Hilal dismissed from heading reconstruction committeeHouthis fear possibility of new setback [Archives:2008/1188/Local News]

September 8 2008

Mohammed Bin Sallam
SANA'A, Sept. 7 ) Tribal sources in Sa'ada said that the security situation is relatively better in the governorate, but that tension and fears have returned after Abdul Qader Hilal, Minister of Local Administration, was dismissed from heading the reconstruction committee, particularly given that some centers of power attempted to obstruct the ceasefire agreement between the Yemeni army and Houthis.

“The involved centers of power, which receive support from neighboring countries, are recruiting thousands of youths from the Bakil and Hashid tribes in order to prepare for a sixth war,” said the source.

Official sources revealed last week that the president Ali Abdullah Saleh authorized Omar Al-Kurshimi, Minister of Labor, to head the reconstruction committee in Sa'ada instead of Abdul Qader Hilal.

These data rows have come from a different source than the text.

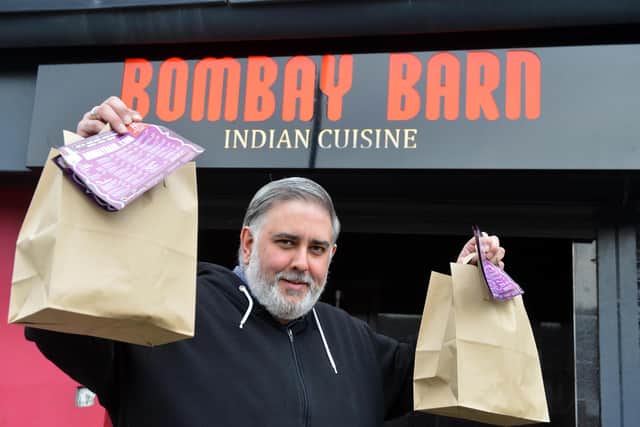 Bombay Barn Arif Sheikh is supporting the community with food delivery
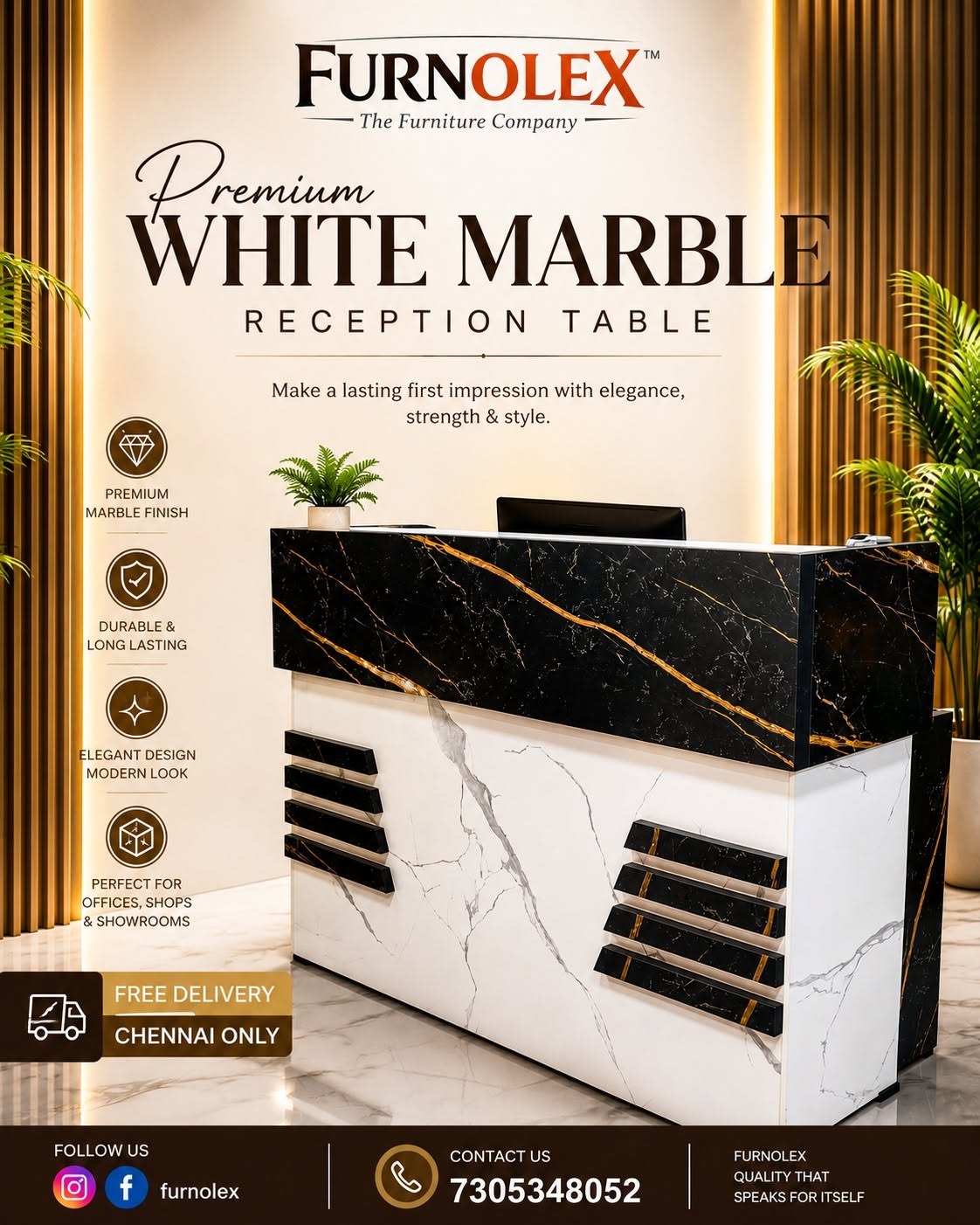 Modern reception table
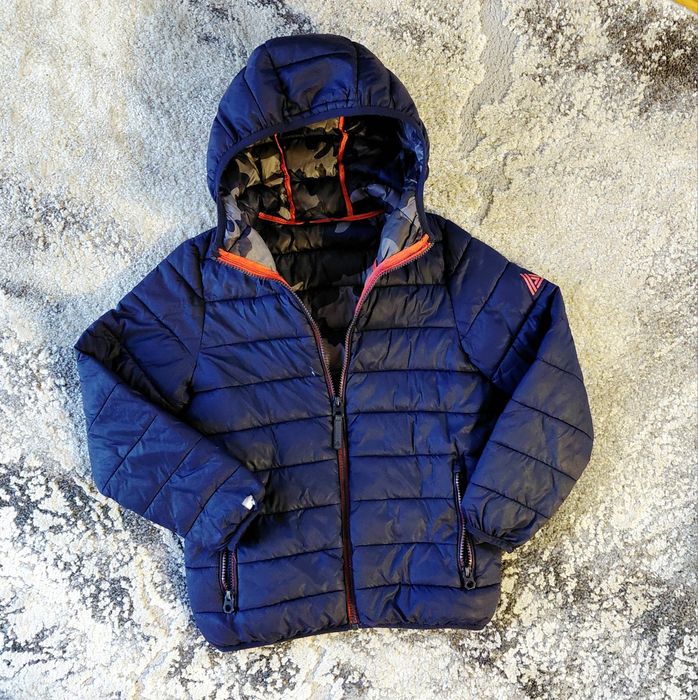 Next extra ciepla Kurtka pikowana granatowa roz. 128  _ 8 lat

According to online website Newsyemen.net, official sources justified the president's decision saying there is a need to transfer the reconstruction committee from the security and political level to the technical level, which is part of the Ministry of Labor's work

A number of prominent Sa'ada sheikhs showed their apprehensions concerning “dealing with the Sa'ada file as a technical issue,” pointing out that the war-torn governorate is in need of security and political efforts to support peace. They confirmed that Abdul Qadir Hilal was the qualified person to complete this task if the government were actually seeking means to ultimately close the file of war.

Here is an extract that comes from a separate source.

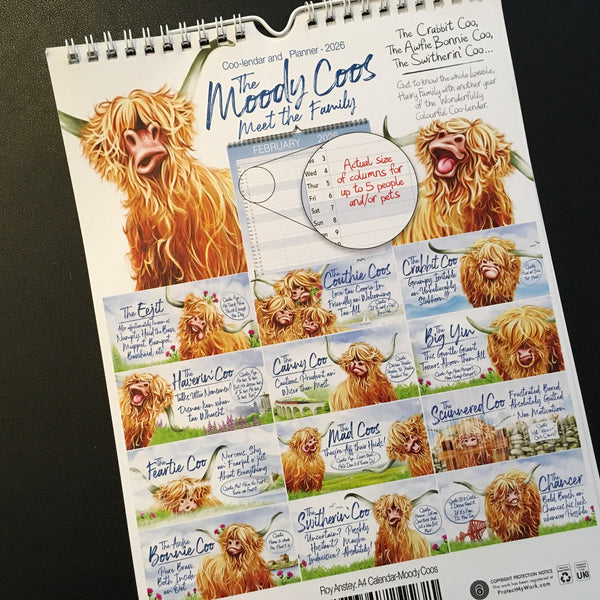 Moody Coos: 2026 Coo-lendar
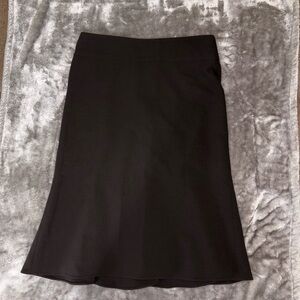 Armani Collezioni Classic Black Midi Skirt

Sheikhs and other fundamental bodies in the governorate exerted pressure on the government to dismiss Hilal from his position in Sa'ada as he allegedly doesn't deal with Houthis strictly. The president responded to these pressures out of his belief that the dismissal would be on behalf of pacifists against those who advocate war inside the government.

In cooperation with the local mediation committee, Hilal was able to achieve peace and security in all the districts of Sa'ada including Haidan and Dhahian. His performance didn't appeal to war advocates who had been lobbying against him ever since the beginning of his nomination as head of the reconstruction committee.

This past month, press reports revealed that Hilal submitted a report to the president in which he clarified the situation in Sa'ada after the war. In the report, he demanded that the government take several urgent measures, the most important of which were ending the state of emergency in Sa'ada city, restoring electricity and telephone services, and releasing detainees. The report said that this would enhance confidence in Sa'ada citizens and ensures the closure of the final Sa'ada war file.

As for the detainees of the Sa'ada war, the newspaper 26 September reported last Thursday that, based on the president's directives, a group of detainees would be released during the upcoming few days. The newspaper's online website had reported last week that there were directives to release 132 detainees including Fadhl Al-Houthi, and scholar Mohammed Muftah who hasn't been released yet.

Human rights activists said that releasing detainees is a good step by the government.

The directives to release detainees followed a series of sit-ins, carried out during the past months by the families of the detainees to protest against the detention of their relatives. Protestors met Abdul Qader Hilal who promised to work on the detainees' release as one of the outstanding factors contributing to closing the Sa'ada war file. Sources said that, after the detainees' relatives met Hilal, he confirmed that the detainees included in the list of names he was given would be released, along with other detainees.

Over 1,200 people who were arrested during the last Sa'ada war are still detained in prisons without charges. Some of them have been subjected to torture.

Media outlets reported that General Ali Mohsen Al-Ahmar went to Libya as an envoy of President Saleh, as part of his visit to a number of Arab countries to ask for help in reconstructing the war-torn governorate of Sa'ada.